§ **Your assignment**
Transcribe the full listing below exactly.

§ **Records for processing**
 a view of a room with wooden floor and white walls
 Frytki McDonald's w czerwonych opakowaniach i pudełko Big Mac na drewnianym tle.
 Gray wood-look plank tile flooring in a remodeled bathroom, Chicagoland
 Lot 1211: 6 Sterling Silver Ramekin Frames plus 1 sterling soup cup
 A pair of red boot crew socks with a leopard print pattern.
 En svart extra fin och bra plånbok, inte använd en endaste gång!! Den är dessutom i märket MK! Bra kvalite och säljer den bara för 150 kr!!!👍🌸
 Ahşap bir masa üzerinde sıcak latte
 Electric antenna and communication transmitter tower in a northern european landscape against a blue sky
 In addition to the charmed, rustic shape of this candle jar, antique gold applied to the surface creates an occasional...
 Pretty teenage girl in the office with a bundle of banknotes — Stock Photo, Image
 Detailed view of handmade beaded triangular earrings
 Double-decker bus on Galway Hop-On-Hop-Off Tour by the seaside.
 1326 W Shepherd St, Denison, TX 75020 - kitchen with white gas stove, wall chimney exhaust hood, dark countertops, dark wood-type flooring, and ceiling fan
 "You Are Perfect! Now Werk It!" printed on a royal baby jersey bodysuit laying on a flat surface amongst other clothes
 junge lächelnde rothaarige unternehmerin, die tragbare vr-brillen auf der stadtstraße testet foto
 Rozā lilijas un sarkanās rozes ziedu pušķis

§ **Answer section**
 a view of a room with wooden floor and white walls
 Frytki McDonald's w czerwonych opakowaniach i pudełko Big Mac na drewnianym tle.
 Gray wood-look plank tile flooring in a remodeled bathroom, Chicagoland
 Lot 1211: 6 Sterling Silver Ramekin Frames plus 1 sterling soup cup
 A pair of red boot crew socks with a leopard print pattern.
 En svart extra fin och bra plånbok, inte använd en endaste gång!! Den är dessutom i märket MK! Bra kvalite och säljer den bara för 150 kr!!!👍🌸
 Ahşap bir masa üzerinde sıcak latte
 Electric antenna and communication transmitter tower in a northern european landscape against a blue sky
 In addition to the charmed, rustic shape of this candle jar, antique gold applied to the surface creates an occasional...
 Pretty teenage girl in the office with a bundle of banknotes — Stock Photo, Image
 Detailed view of handmade beaded triangular earrings
 Double-decker bus on Galway Hop-On-Hop-Off Tour by the seaside.
 1326 W Shepherd St, Denison, TX 75020 - kitchen with white gas stove, wall chimney exhaust hood, dark countertops, dark wood-type flooring, and ceiling fan
 "You Are Perfect! Now Werk It!" printed on a royal baby jersey bodysuit laying on a flat surface amongst other clothes
 junge lächelnde rothaarige unternehmerin, die tragbare vr-brillen auf der stadtstraße testet foto
 Rozā lilijas un sarkanās rozes ziedu pušķis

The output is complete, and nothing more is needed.